Chew Melissa, Yu Catherine, Stojevski Leanne, Conilione Paul, Gust Anthony, Suleiman Mani, Swansson Will, Anderson Bennett, Garg Mayur, Lewis Diana
Department of Gastroenterology, Northern Health, Melbourne, Victoria, Australia.
Department of Client Data Management, Northern Health, Melbourne, Victoria, Australia.
J Gastroenterol Hepatol. 2025 May;40(5):1230-1237. doi: 10.1111/jgh.16933. Epub 2025 Mar 31.
Determining adenoma detection rate (ADR) and serrated polyp detection rate (SDR) can be challenging as they usually involve manual matching of colonoscopy and histology reports. This study aimed to validate a Natural Language Processing (NLP) code that enables rapid and efficient data extraction to calculate ADR and SDR.
A NLP code was developed to automatically extract colonoscopy quality indicators from colonoscopy and histology reports at a tertiary health service. These reports were manually reviewed to verify the concordance of ADR and SDR between the two methods. This process was applied in the initial training phase, repeated following modification of the code, and again with a validation cohort.
Included in the training and test phases were 5911 colonoscopies, with 2022 in the validation phase. The NLP code extracted patient names with 99.9% concordance and had a 98.9% accuracy in ADR and SDR in the training phase. Search terms were subsequently modified to take into consideration spelling variations and overlapping terminologies. Using data from the same cohort, accuracy of the NLP improved to 100%, excluding four colonoscopies that had missing histology reports in the test phase. Using a validated cohort, NLP had a 99.9% accuracy in ADR and SDR. The total time taken for auditing using NLP in the validation phase was less than 1 h.
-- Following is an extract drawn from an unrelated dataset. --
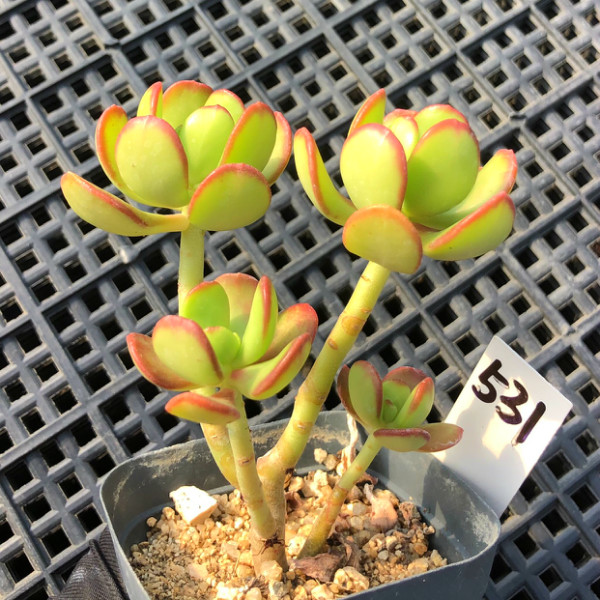 一物一拍 达摩宝珠多肉植物 小老桩群生绿植花卉组合盆栽招财肉肉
An automatic NLP code had an accuracy of almost 100% in determining ADR and SDR in a tertiary colonoscopy service. Wider adoption of NLP enables significant improvements in colonoscopy audits that is accurate and time efficient.
确定腺瘤检出率(ADR)和锯齿状息肉检出率(SDR)可能具有挑战性,因为这通常涉及结肠镜检查报告和组织学报告的人工匹配。本研究旨在验证一种自然语言处理(NLP)代码,该代码能够快速有效地提取数据以计算ADR和SDR。
开发了一种NLP代码,用于从一家三级医疗服务机构的结肠镜检查报告和组织学报告中自动提取结肠镜检查质量指标。对这些报告进行人工审核,以验证两种方法之间ADR和SDR的一致性。此过程应用于初始训练阶段,在代码修改后重复进行,并再次应用于验证队列。
训练和测试阶段纳入了5911例结肠镜检查,验证阶段纳入了2022例。NLP代码提取患者姓名的一致性为99.9%,在训练阶段ADR和SDR的准确率为98.9%。随后修改了搜索词,以考虑拼写变化和重叠术语。使用同一队列的数据,NLP的准确率提高到了100%,但测试阶段有4例结肠镜检查的组织学报告缺失除外。使用经过验证的队列,NLP在ADR和SDR方面的准确率为99.9%。验证阶段使用NLP进行审核的总时间不到1小时。
在三级结肠镜检查服务中,一种自动NLP代码在确定ADR和SDR方面的准确率几乎达到100%。更广泛地采用NLP能够显著改善结肠镜检查审核工作,既准确又高效。